WHAT IS REQUIRED: Nothing but the lines from the one containing "Peugeot 508" through the last line of the material should appear in the answer, transcribed exactly, pictures excluded.

RECORDED INFORMATION:
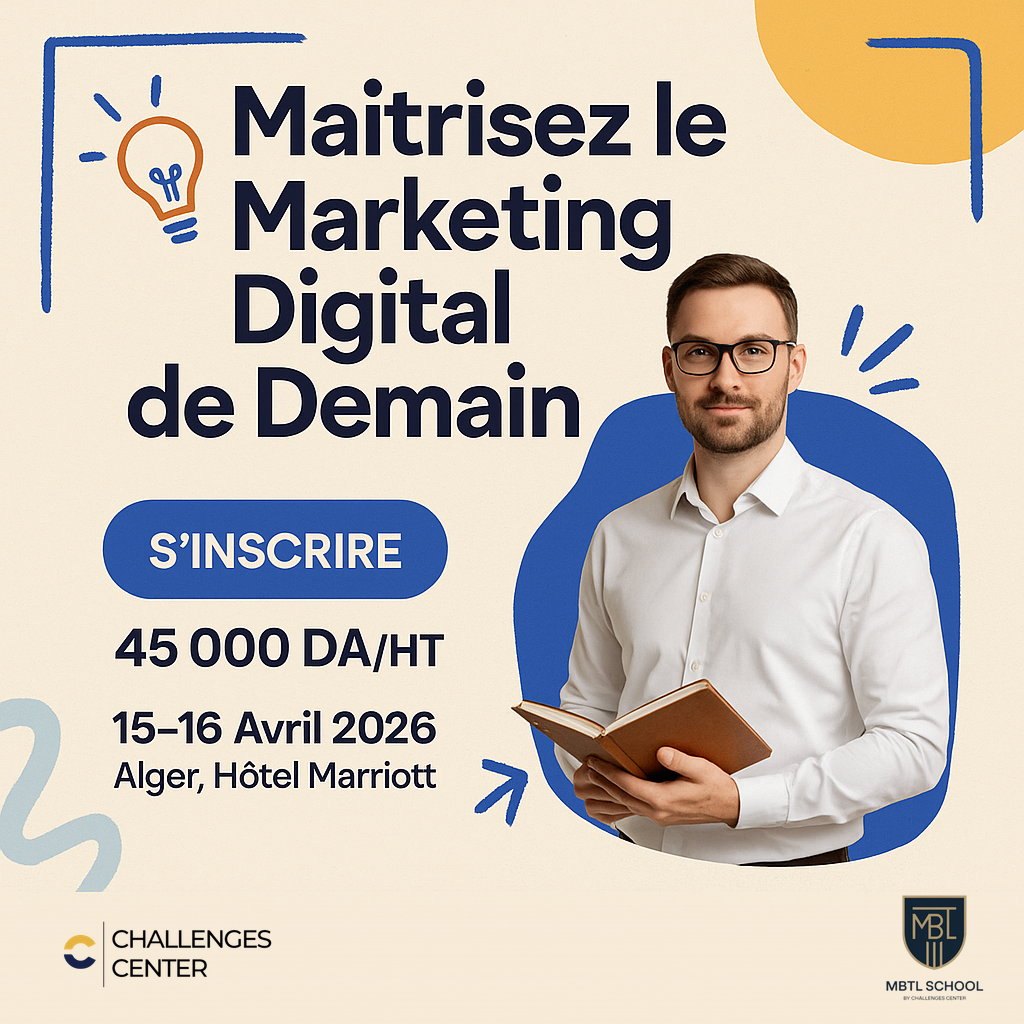 Maîtrisez le Marketing Digital de Demain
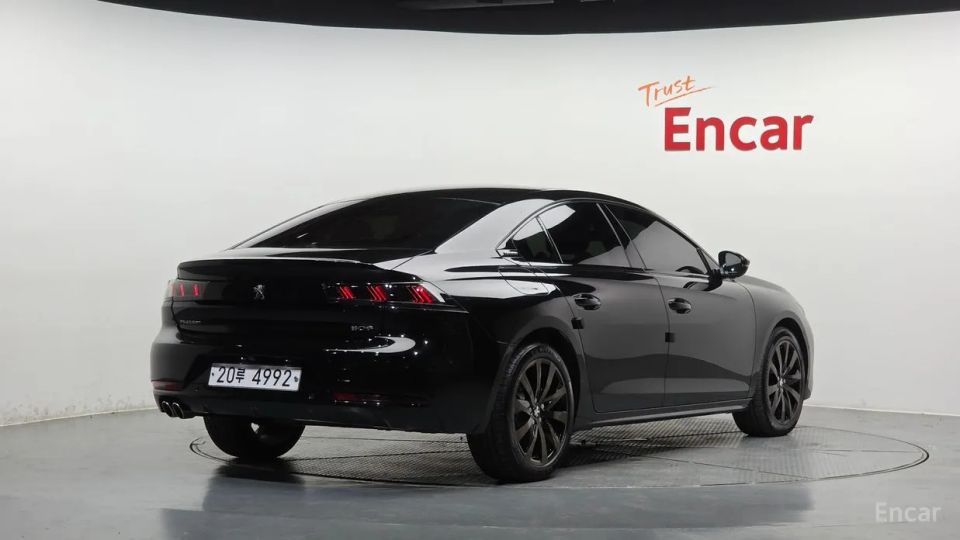 Peugeot 508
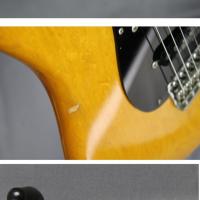 Fender st54 75 rv custom edition 1993 ash nat japan import 26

REPLY TO THE TASK:
 Peugeot 508
 Fender st54 75 rv custom edition 1993 ash nat japan import 26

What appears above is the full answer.